Note: John Sall, co-founder and Executive VP of SAS, discussed why statistics matters on the occasion of the International Year of Statistics in 2013. SAS was a participant in Statistics2013. Sall is the chief architect of JMP.
How is statistics essential to everyday life?
Most people don't realize how essential statistics is. Daily life is surrounded by the products of statistics.
You brush your teeth. The fluoride in the toothpaste was studied by scientists using statistical methods to carefully assure the safety and effectiveness of the ingredient and the proper concentration. The toothpaste was formulated through a series of designed experiments that determined the optimal formulation through statistical modeling. The toothpaste production was monitored by statistical process control to ensure quality and consistency, and to reduce variability.
The attributes of the product were studied in consumer trials using statistical methods. The pricing, packaging and marketing were determined through studies that used statistical methods to determine the best marketing decisions. Even the location of the toothpaste on the supermarket shelf was the result of statistically based studies. The advertising was monitored using statistical methods. Your purchase transaction became data that was analyzed statistically. The credit card used for the purchase was scrutinized by a statistical model to make sure that it wasn't fraudulent.
So statistics is important to the whole process of not just toothpaste, but every product we consume, every service we use, every activity we choose. Yet we don't need to be aware of it, since it is just an embedded part of the process. Statistics is useful everywhere you look.

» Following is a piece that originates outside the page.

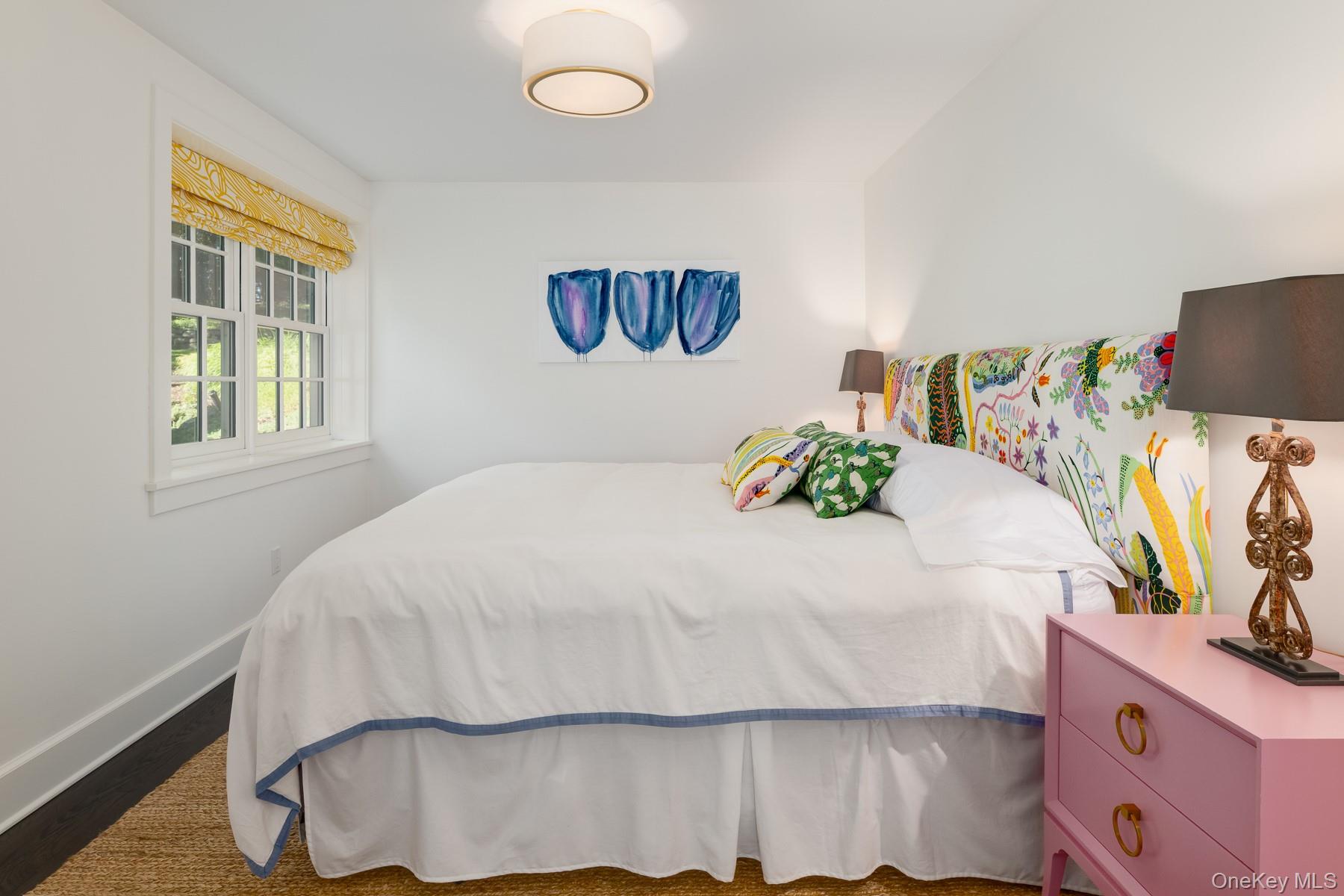 71 Havemeyer Road, Irvington, NY 10533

Why now? What's new about statistics?
Statistics is an emergent discipline that has rapidly adapted to current challenges.

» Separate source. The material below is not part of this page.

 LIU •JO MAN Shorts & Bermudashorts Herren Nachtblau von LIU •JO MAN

In today's era of big data -- where the computer and network are everywhere and everything can be measured -- you need statistics to make that data useful.
To learn how a process behaves, you need to conduct experiments. And now we have ways of designing those experiments so that you learn the most from a limited number of experimental runs.

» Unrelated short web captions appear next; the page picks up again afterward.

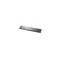GARLAND 4522766 CORNER COLUMN RT 900MM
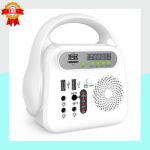 Kit Solaire Portable – Image 4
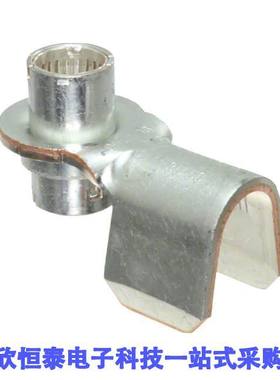 N020807102002连接器 《 CONN SO【ET 35-50MM CRIMP    》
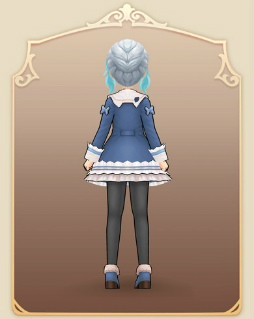 ꡼ No.011Υͥ / Ash TaleפǴָꥤ٥ȡȥϥ󥢥ὸɤ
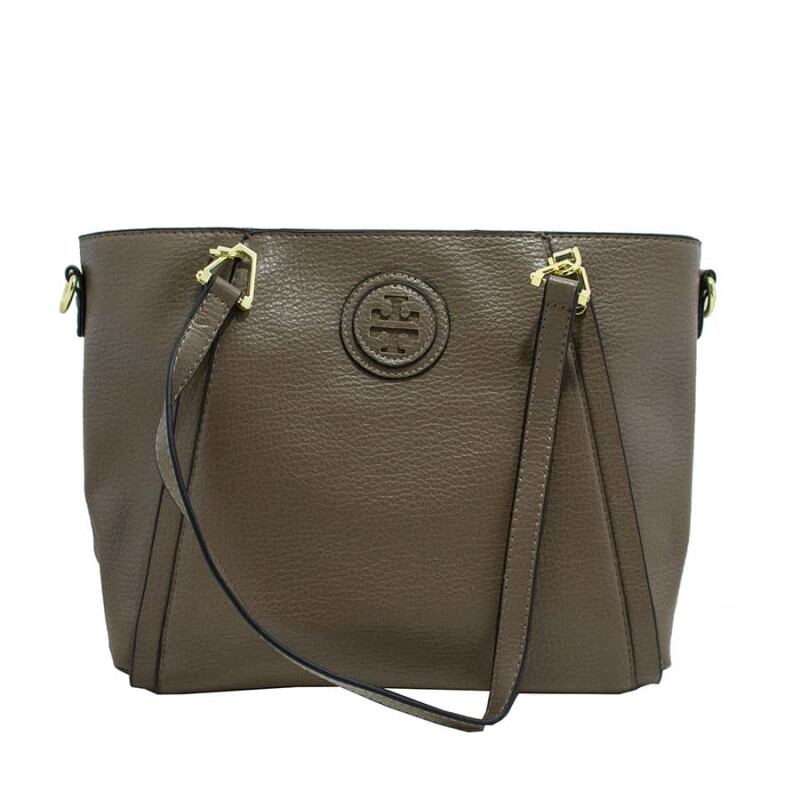 Carteras Muvem de Mujer - WC12-2857-1 Marron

To estimate the models, you need tools to refine and validate the models, and the state of the art has much improved for this in the last few years.
Also we have much better tools to use the models to optimize processes and make them robust with respect to variation.
Statistical software -- like JMP -- becomes the interface to harness statistical methods. Statistics is not easy, and using the computer can be a challenge. So we view our job as making the experience, the workflow, of analyzing data as easy, as comfortable and as powerful as possible.
Do we really trust statistics? Different statistics say different things.
Statistics must be used responsibly. You need good data, and enough of it. Controlled experimental data is best. Selection and confounding biases can easily corrupt the analysis if you don't pay attention to the process that created the data. When you go about doing statistics yourself, you need to learn the problems that can happen. You need to think through the analysis carefully.
Some of us learn statistics as part of our education. Some of us learn on the job. Some of us still have a lot to learn.
The International Year of Statistics 2013 is the occasion to remind us of the value of:
- Statistical methods.
- Learning how to use them responsibly.
- Statistical software as the tools of analysis.
- Using statistical professionals to help us out when needed.
What is the purpose of the International Year of Statistics?
The purpose of the International Year of Statistics is to focus awareness of the importance of statistical methods in our world. Statistics has played an increasingly important role in science, in industry, in health and in business.
For the past few decades, people have increasingly learned to collect and use data, perform designed experiments, to use evidence instead of intuition to make decisions.
With the computer and network revolutions, data is now easy to collect and store. And with modern software, it is comparatively easy to analyze, even when you have a lot of data.